**The task:** Of all the lines in the entries below, give again exactly those starting at the line containing "A man wearing" and ending at the line containing "This indoor-outdoor space", both ends included, and no others.

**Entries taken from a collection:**
────────────────

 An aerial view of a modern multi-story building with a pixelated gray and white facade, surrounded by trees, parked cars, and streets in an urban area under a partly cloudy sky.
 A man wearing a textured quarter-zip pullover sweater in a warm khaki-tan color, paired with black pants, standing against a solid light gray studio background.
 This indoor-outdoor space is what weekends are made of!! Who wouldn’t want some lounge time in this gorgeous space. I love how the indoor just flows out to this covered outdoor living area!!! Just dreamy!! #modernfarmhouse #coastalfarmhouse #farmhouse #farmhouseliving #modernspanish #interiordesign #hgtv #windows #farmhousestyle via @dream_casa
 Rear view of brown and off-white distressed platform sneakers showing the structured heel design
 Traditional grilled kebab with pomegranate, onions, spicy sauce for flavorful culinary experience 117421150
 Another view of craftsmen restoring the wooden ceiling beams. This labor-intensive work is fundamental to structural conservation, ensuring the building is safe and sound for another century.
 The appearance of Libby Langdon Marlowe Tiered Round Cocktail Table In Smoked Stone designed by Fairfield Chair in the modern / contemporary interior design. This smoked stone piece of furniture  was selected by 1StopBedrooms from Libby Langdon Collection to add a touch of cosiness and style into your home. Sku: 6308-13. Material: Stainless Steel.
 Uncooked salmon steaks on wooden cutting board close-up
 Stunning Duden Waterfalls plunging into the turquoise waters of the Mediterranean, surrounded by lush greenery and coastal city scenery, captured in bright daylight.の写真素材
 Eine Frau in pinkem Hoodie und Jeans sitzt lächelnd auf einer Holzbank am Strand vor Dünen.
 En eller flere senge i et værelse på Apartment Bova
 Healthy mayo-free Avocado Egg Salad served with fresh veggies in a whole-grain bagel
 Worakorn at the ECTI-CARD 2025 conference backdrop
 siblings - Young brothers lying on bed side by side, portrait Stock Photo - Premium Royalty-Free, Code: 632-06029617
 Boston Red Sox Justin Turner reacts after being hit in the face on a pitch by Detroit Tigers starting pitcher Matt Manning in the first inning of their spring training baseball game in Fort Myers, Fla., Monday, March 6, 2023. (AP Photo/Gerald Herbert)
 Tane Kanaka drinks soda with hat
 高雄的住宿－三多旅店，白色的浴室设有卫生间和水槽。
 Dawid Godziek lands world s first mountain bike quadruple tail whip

────────────────

**Written response:**
 A man wearing a textured quarter-zip pullover sweater in a warm khaki-tan color, paired with black pants, standing against a solid light gray studio background.
 This indoor-outdoor space is what weekends are made of!! Who wouldn’t want some lounge time in this gorgeous space. I love how the indoor just flows out to this covered outdoor living area!!! Just dreamy!! #modernfarmhouse #coastalfarmhouse #farmhouse #farmhouseliving #modernspanish #interiordesign #hgtv #windows #farmhousestyle via @dream_casa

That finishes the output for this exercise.